### TASK
Go to the line containing "Beautiful interior of" in the records below and print it and every following line exactly, on through the line containing "Pair of lamps, massive crystal", then stop.

[Web page caption snippets]
******************************

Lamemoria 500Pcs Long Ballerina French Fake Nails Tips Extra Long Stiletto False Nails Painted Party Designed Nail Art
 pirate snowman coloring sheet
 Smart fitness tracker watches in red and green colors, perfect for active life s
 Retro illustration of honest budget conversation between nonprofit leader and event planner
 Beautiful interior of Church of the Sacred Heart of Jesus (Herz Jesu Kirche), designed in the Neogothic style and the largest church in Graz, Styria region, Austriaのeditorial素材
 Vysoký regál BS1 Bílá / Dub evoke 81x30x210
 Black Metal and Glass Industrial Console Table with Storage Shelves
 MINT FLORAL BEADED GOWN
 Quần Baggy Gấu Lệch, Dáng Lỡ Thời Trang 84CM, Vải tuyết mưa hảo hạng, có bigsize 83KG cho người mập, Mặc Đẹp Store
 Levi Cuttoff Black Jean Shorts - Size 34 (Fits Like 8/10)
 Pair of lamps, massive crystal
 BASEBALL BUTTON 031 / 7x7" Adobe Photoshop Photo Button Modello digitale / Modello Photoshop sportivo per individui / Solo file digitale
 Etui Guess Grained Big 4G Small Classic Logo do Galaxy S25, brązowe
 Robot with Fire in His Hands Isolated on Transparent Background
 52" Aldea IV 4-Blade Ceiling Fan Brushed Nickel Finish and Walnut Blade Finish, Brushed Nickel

******************************

### RESPONSE BELOW
 Beautiful interior of Church of the Sacred Heart of Jesus (Herz Jesu Kirche), designed in the Neogothic style and the largest church in Graz, Styria region, Austriaのeditorial素材
 Vysoký regál BS1 Bílá / Dub evoke 81x30x210
 Black Metal and Glass Industrial Console Table with Storage Shelves
 MINT FLORAL BEADED GOWN
 Quần Baggy Gấu Lệch, Dáng Lỡ Thời Trang 84CM, Vải tuyết mưa hảo hạng, có bigsize 83KG cho người mập, Mặc Đẹp Store
 Levi Cuttoff Black Jean Shorts - Size 34 (Fits Like 8/10)
 Pair of lamps, massive crystal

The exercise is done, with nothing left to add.